Wir alle erinnern uns noch an das lächelnde Gesicht, mit dem uns Präsident Obama während seines ersten Wahlkampfes vertrauens- und hoffnungsvoll sagte: „Yes, we can!“ Wir können den Zynismus der Bush-Jahre hinter uns lassen. Heute unternehmen die USA eine Geheimoperationen nach der anderen. Sie bauen ihr Geheimdienstnetz weiter aus und bespitzeln sogar ihre Alliierten. Nun können wir uns vorstellen, wie Demonstranten dem Präsidenten entgegen brüllen: „Wie können Sie mit Drohnen morden? Wie können Sie sogar unsere Verbündeten ausspionieren?“ Und Obama murmelt mit spöttisch-bösem Lächeln: „Yes, we can.“
Einfache Personalisierungen verfehlen aber den eigentlichen Kern der Sache: Die von Whistleblowern wie Bradley Manning oder Edward Snowden offenbarte Bedrohung der Freiheit hat tiefere, systemische Wurzeln. Edward Snowden verdient nicht nur deshalb Verteidigung, weil er die US-Dienste verärgert und in Verlegenheit gebracht hat. Das, was er enthüllt, wird in dem Maße, wie es ihnen technisch möglich ist, von allen großen (und nicht so großen) Mächte – von China bis Russland, Deutschland und Israel betrieben.
Snowdens Handeln hat eine faktische Grundlage für unseren Verdacht geliefert, wir würden überwacht und kontrolliert. Die Lehre ist eine globale, die weit über das übliche US-Bashing hinaus geht. Wir haben von Snowden (oder Manning) eigentlich nichts erfahren, von dem wir nicht ohnehin schon ausgegangen waren. Es ist aber eine Sache, etwas grundsätzlich zu wissen, und eine andere, die konkreten Tatsachen präsentiert zu bekommen.
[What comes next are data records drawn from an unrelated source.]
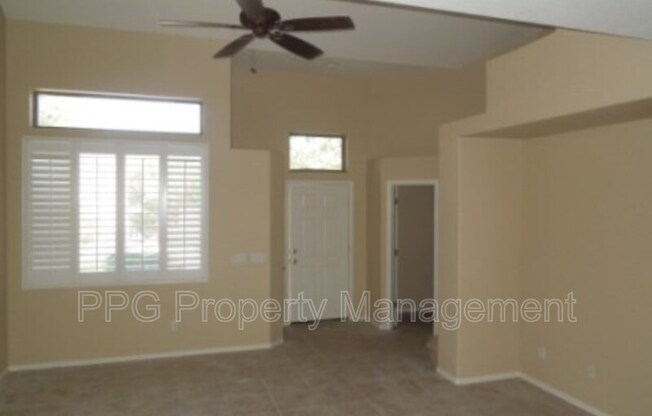 3342 N 143 LN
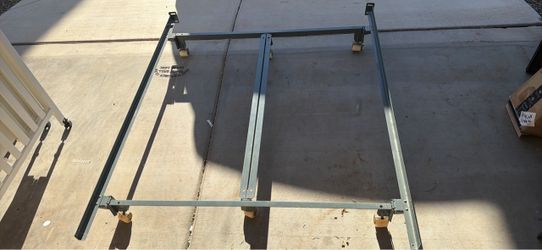 Queen bed frame with wheels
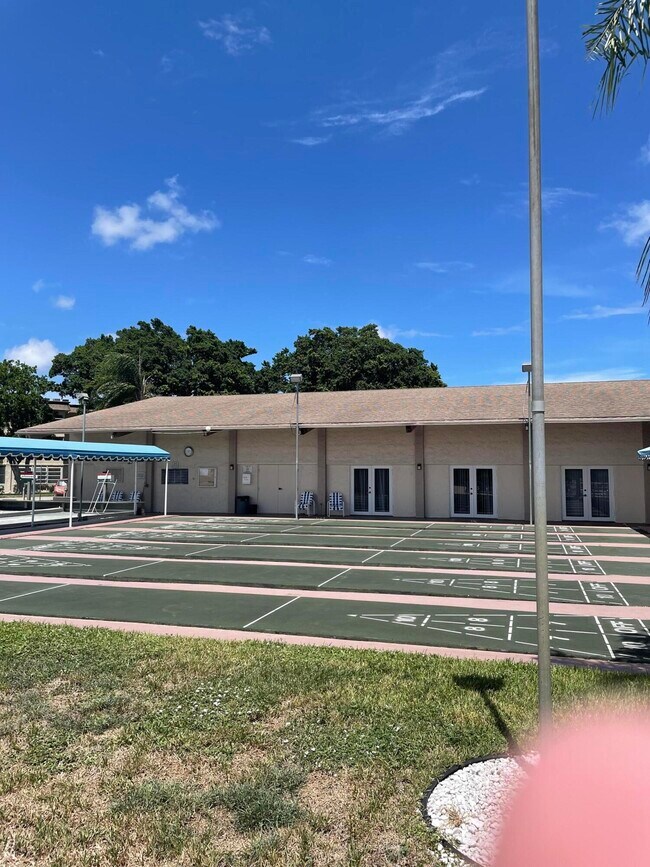 Building Photo - 701 Lori Dr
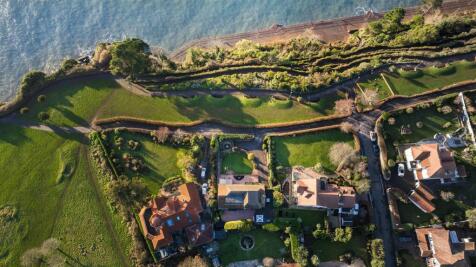 Pavings, Roundham Gardens, Paignton - Photograph 0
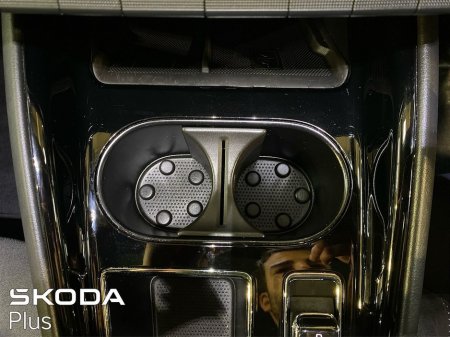 2022 Skoda Enyaq - thumbnail 26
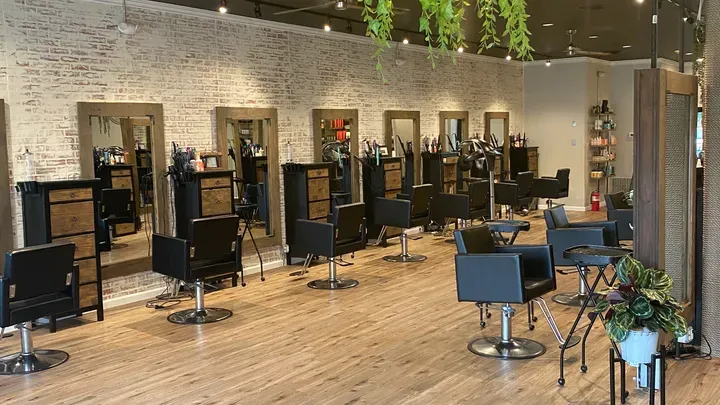 https://cdn.salonspotlight.com/photos/gjhdwDEO2NcRCAdDU6k2/f4007b41-0095-4eb8-a6ae-16988f45fb1a_720x720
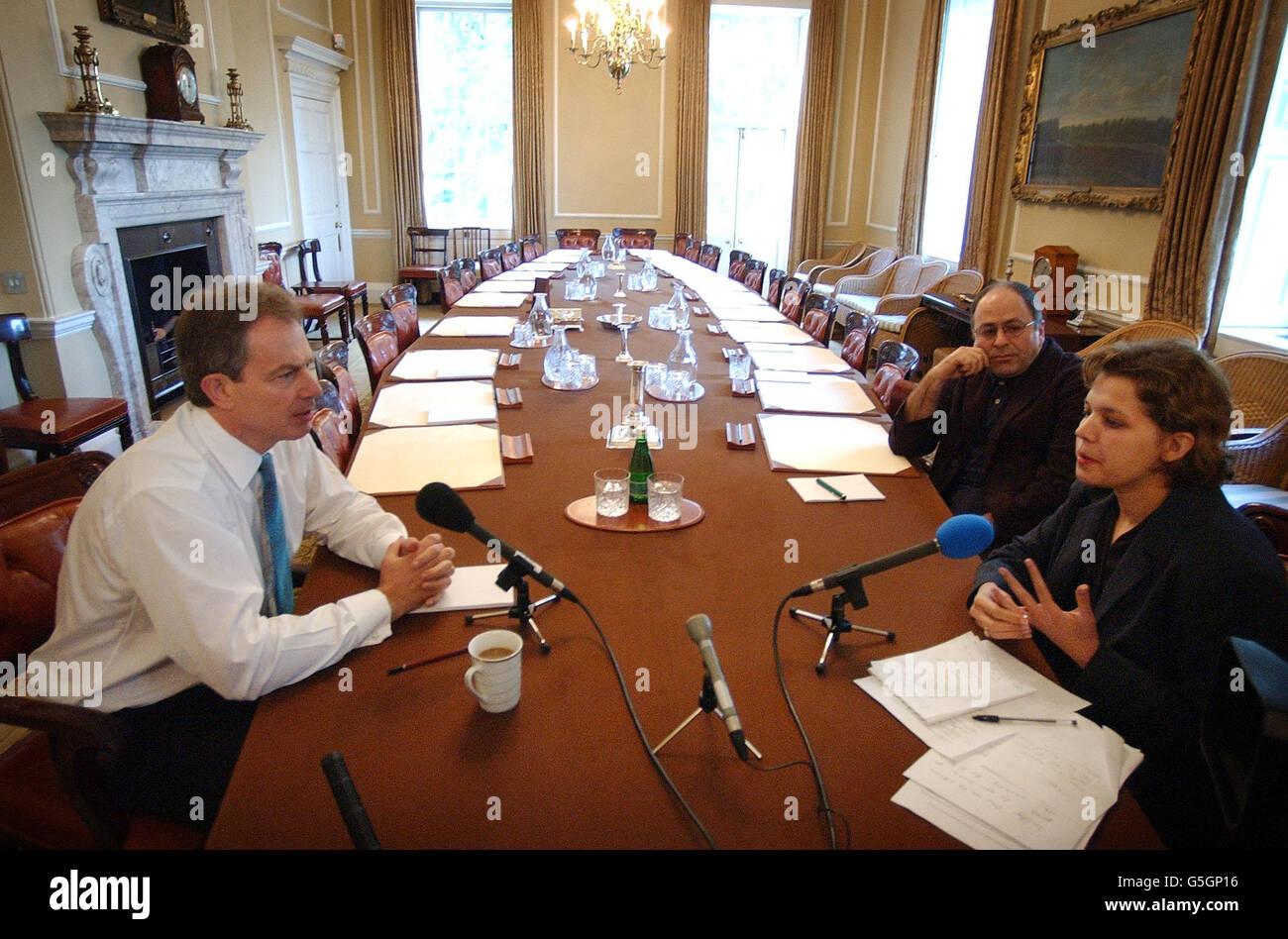 Il primo ministro britannico Tony Blair è intervistato nella stanza del gabinetto, 10 Downing Street, Londra dalla BBC World Service, Pashto Service, reporter di Afgani Najiba Kasraee per la trasmissione in Afghanistan e Pakistan. * ha promesso che la coalizione internazionale non avrebbe allontanato dall'Afghanistan dopo che il conflitto immediato con Osama bin Laden e il regime dei talebani era finito. Vedi intervista DI GUERRA storia della PA. Foto Stock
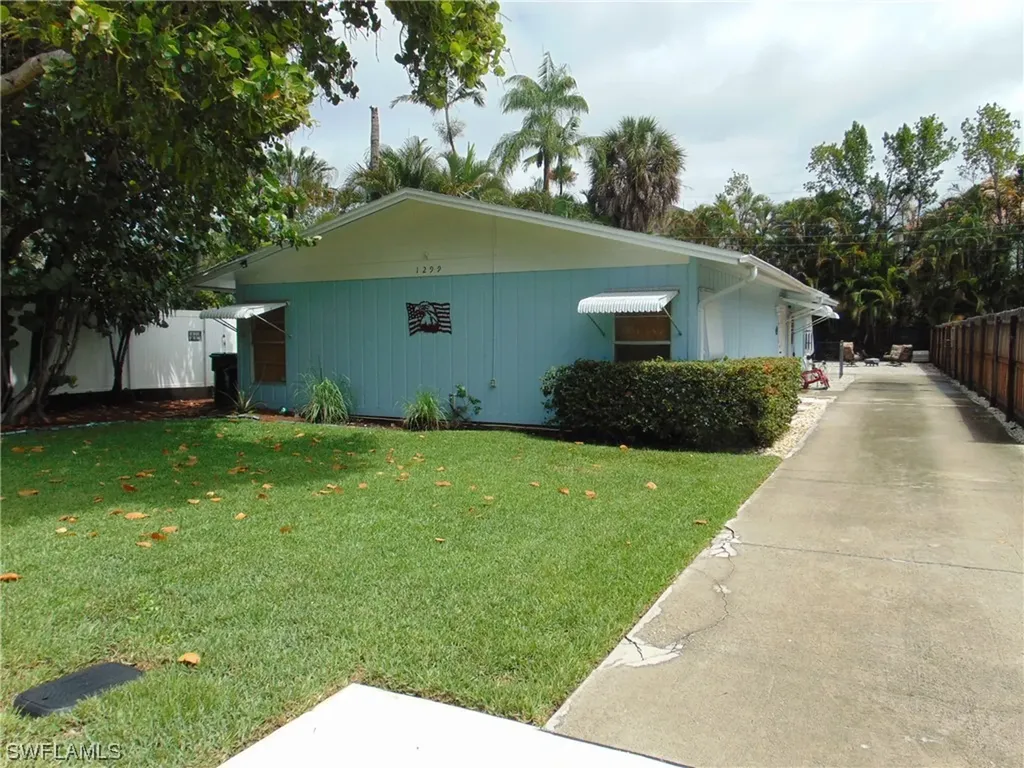 1299 Frank Whiteman Boulevard Naples FL 34103
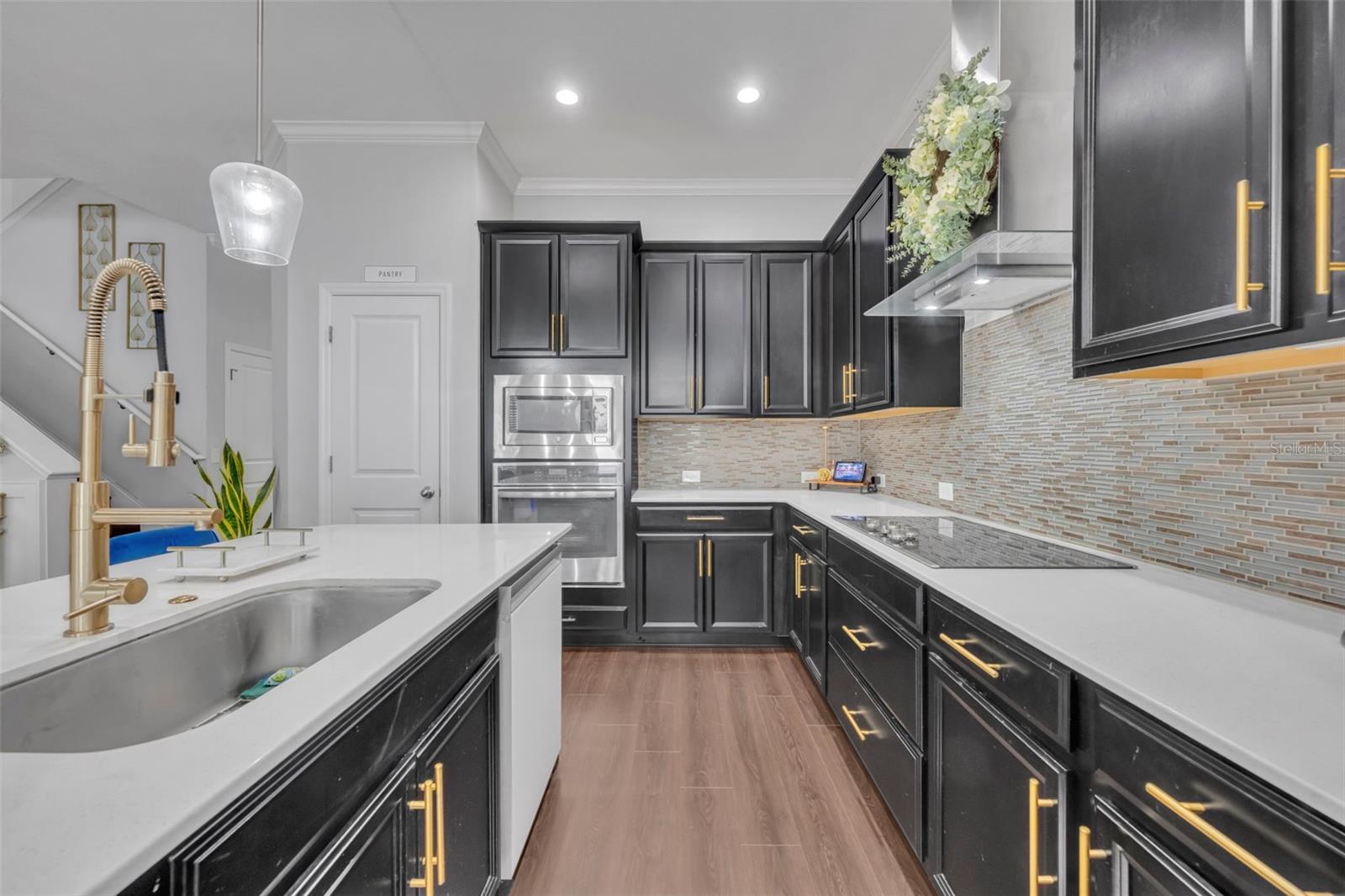 JOHNS LAKE LNDG PH 3 - Residential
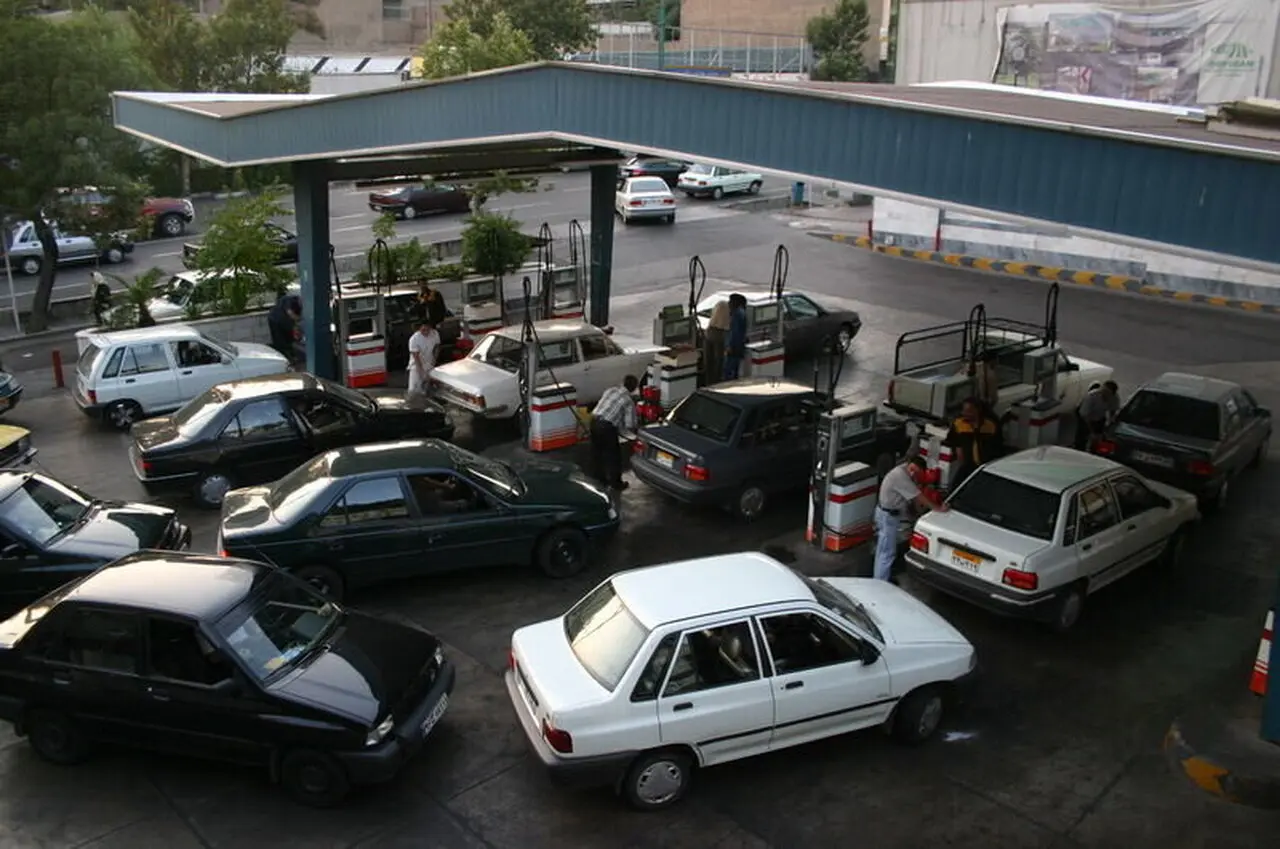سهمیه بنزین خودروها افزایش یافت؛ دارندگان کارت سوخت مطلع شوند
Ein bisschen ist es so, als wüsste man, dass der eigene Partner sich auch noch anderweitig vergnügt – das abstrakte Wissen kann man akzeptieren. Richtig weh tut es, wenn man die heißen Details vor sich hat – Bilder von dem, was gelaufen ist.
Wir sollten uns schämen
1843 behauptete der junge Karl Marx, das deutsche Ancien Regime „bildet sich nur noch ein, an sich selbst zu glauben, und verlangt von der Welt dieselbe Einbildung.“ In einer solchen Situation wird es zu einer Waffe, die an der Macht Befindlichen in Verlegenheit zu bringen. Oder, so Marx weiter: „Man muß den wirklichen Druck noch drückender machen, indem man ihm das Bewusstsein des Drucks hinzufügt, die Schmach noch schmachvoller macht, indem man sie publiziert.“
In genau einer solchen Lage befinden wir uns heute: Wir stehen dem schamlosen Zynismus der Repräsentanten der bestehenden Weltordnung gegenüber, die sich nur einbilden, an ihre Ideen von Demokratie und Menschenrechte zu glauben. Die Wikileaks-Enthüllungen enthüllen unsere Schmach, weil wir eine solche Macht über uns toleriert haben. Schämen sollten wir uns für den weltweit stattfindenden Prozess der schrittweisen Verkleinerung des Raumes für das, was Immanuel Kant den „öffentlichen Gebrauch von Vernunft“ nannte.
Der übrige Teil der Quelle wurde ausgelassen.